>>

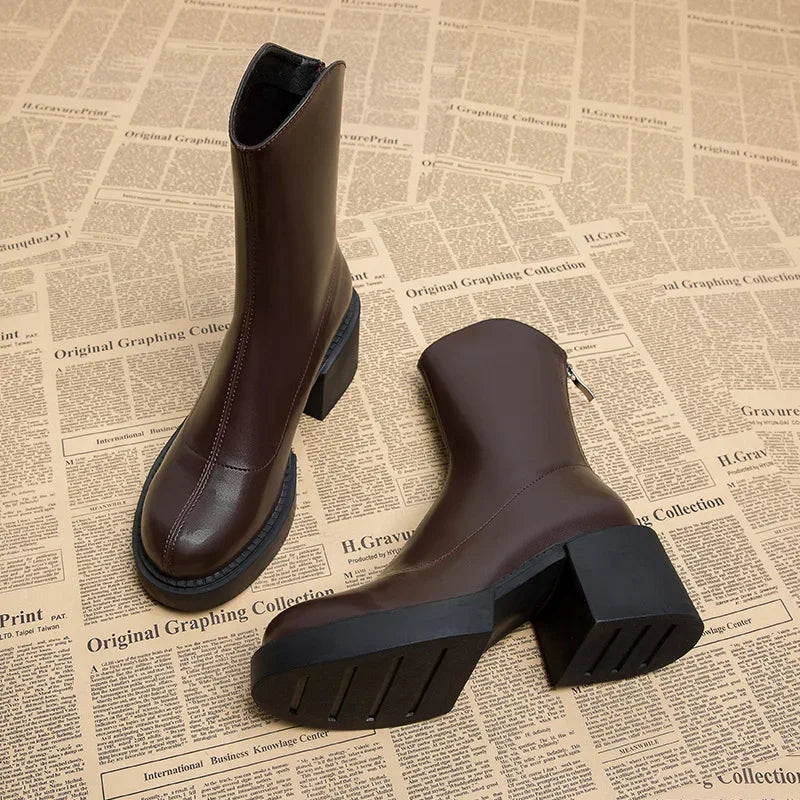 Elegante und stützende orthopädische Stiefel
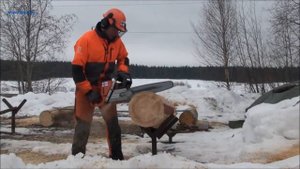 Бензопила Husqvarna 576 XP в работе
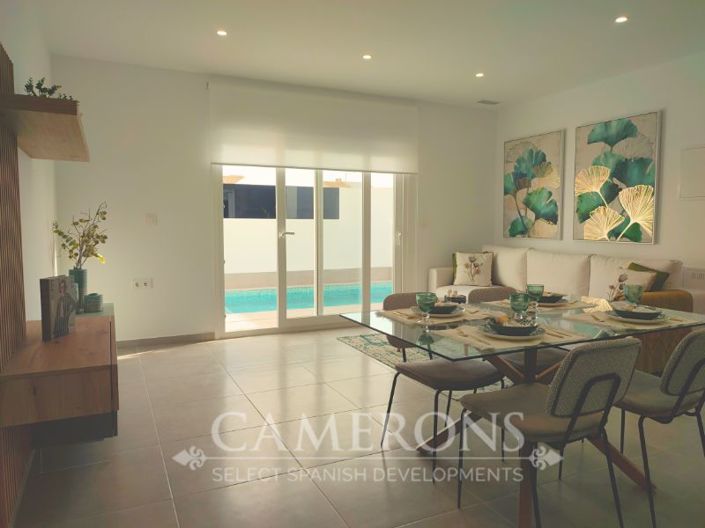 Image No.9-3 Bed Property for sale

<<
>>

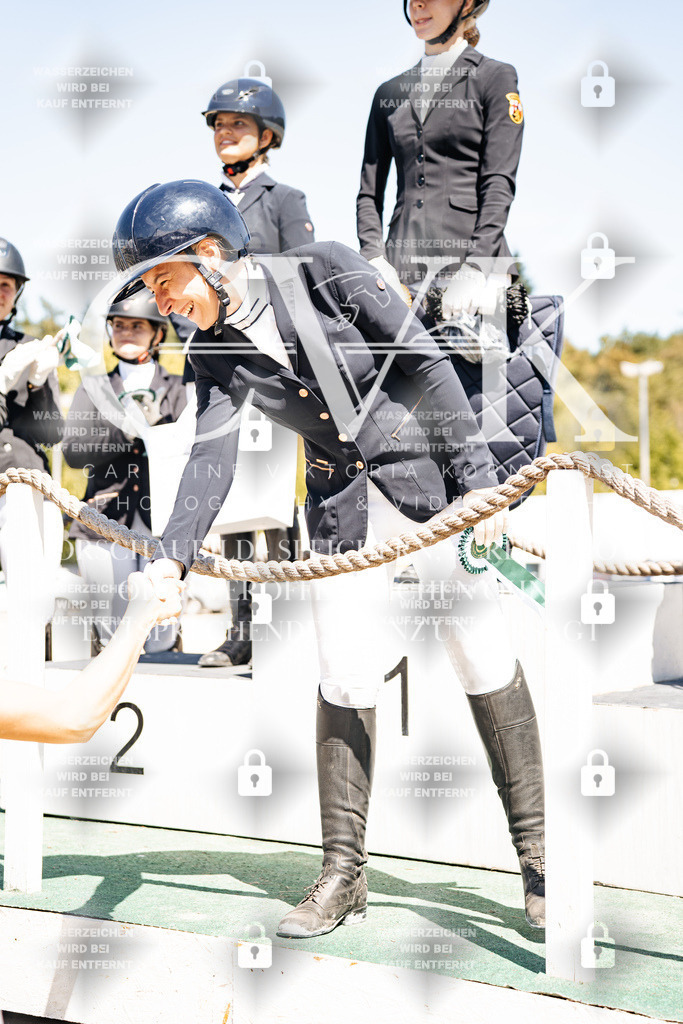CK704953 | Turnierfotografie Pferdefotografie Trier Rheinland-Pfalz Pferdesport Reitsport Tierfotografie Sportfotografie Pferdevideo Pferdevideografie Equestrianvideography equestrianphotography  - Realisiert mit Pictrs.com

<<
>>

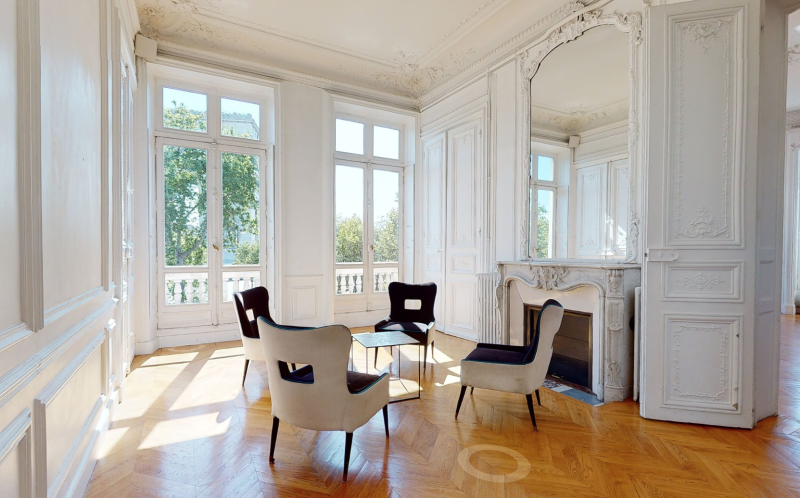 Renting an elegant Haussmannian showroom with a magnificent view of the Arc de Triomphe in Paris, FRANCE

<<

### Your instructions
Of all the material above, only the lines from the one that has "Elegante und stützende orthopädische Stiefel" down to the one that has "Image No.9-3 Bed Property for sale" are to be written out, exactly and with both ends included. Pictures are skipped.

### Response to this task
 Elegante und stützende orthopädische Stiefel
 Бензопила Husqvarna 576 XP в работе
 Image No.9-3 Bed Property for sale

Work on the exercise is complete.